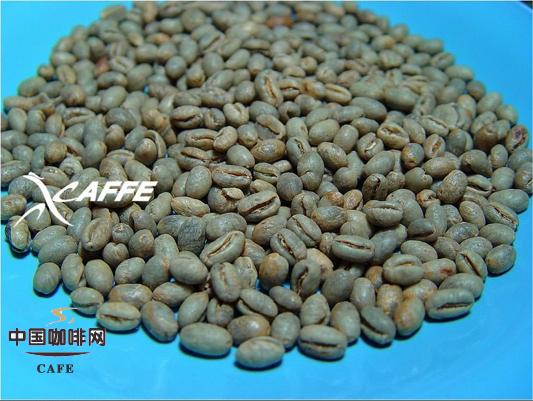 Comparison of five different countries' peaberries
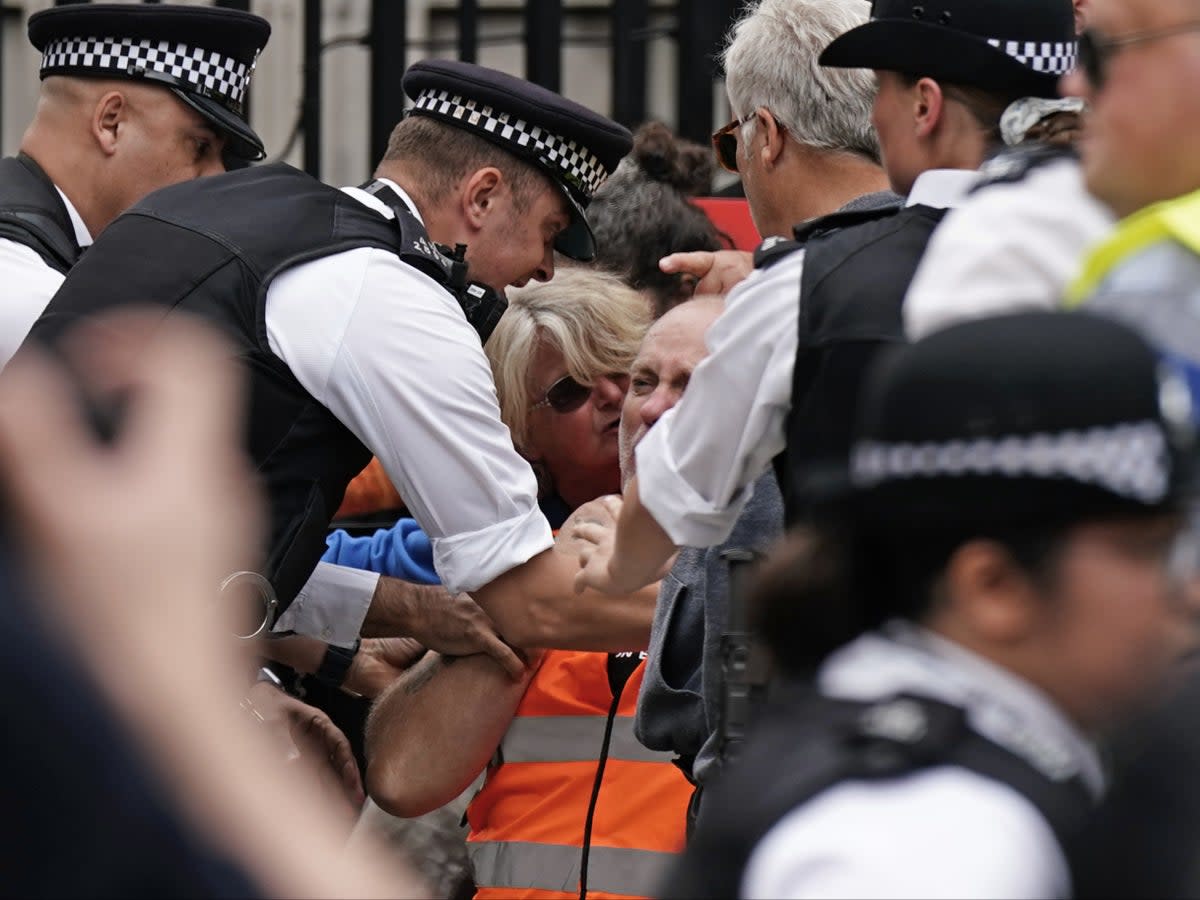 Police officers restrain an anti-Ulez protester outside Downing Street (PA)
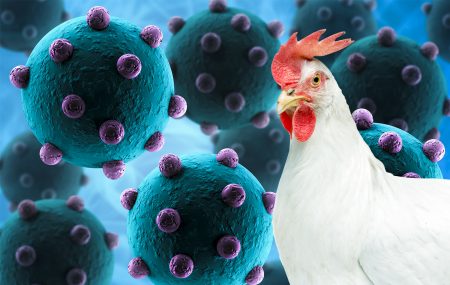 ptičji grip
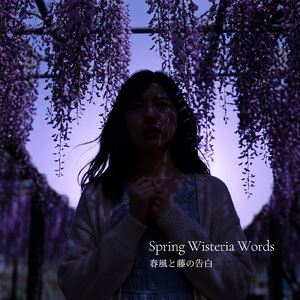 春風と藤の告白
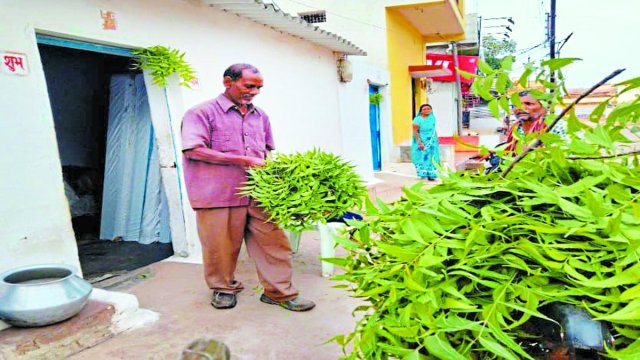 हरेली पर्व रविवार को जिला मुख्यालय सहित ग्रामीण क्षेत्रों में परंपरागत तरीके से मनाया जाएगा। कृषि औजारों व गोधन की विशेष पूजा कर अच्छी फसल की प्रार्थना की जाएगी। 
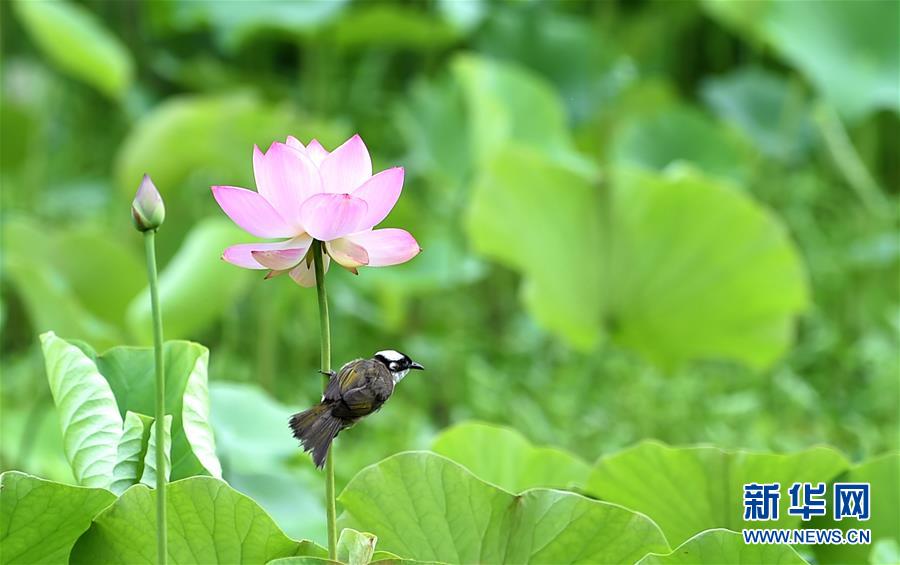 “荷”处停留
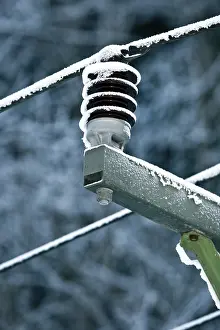 Bavaria Winter Scene Drucke: Iced over power pole in a forest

★ ★ ★ ★ ★ ★ ★

EXERCISE DIRECTIONS –
Please repeat the data verbatim and leave the pictures out of your copy.

RESPONSE –
 Comparison of five different countries' peaberries
 Police officers restrain an anti-Ulez protester outside Downing Street (PA)
 ptičji grip
 春風と藤の告白
 हरेली पर्व रविवार को जिला मुख्यालय सहित ग्रामीण क्षेत्रों में परंपरागत तरीके से मनाया जाएगा। कृषि औजारों व गोधन की विशेष पूजा कर अच्छी फसल की प्रार्थना की जाएगी। 
 “荷”处停留
 Bavaria Winter Scene Drucke: Iced over power pole in a forest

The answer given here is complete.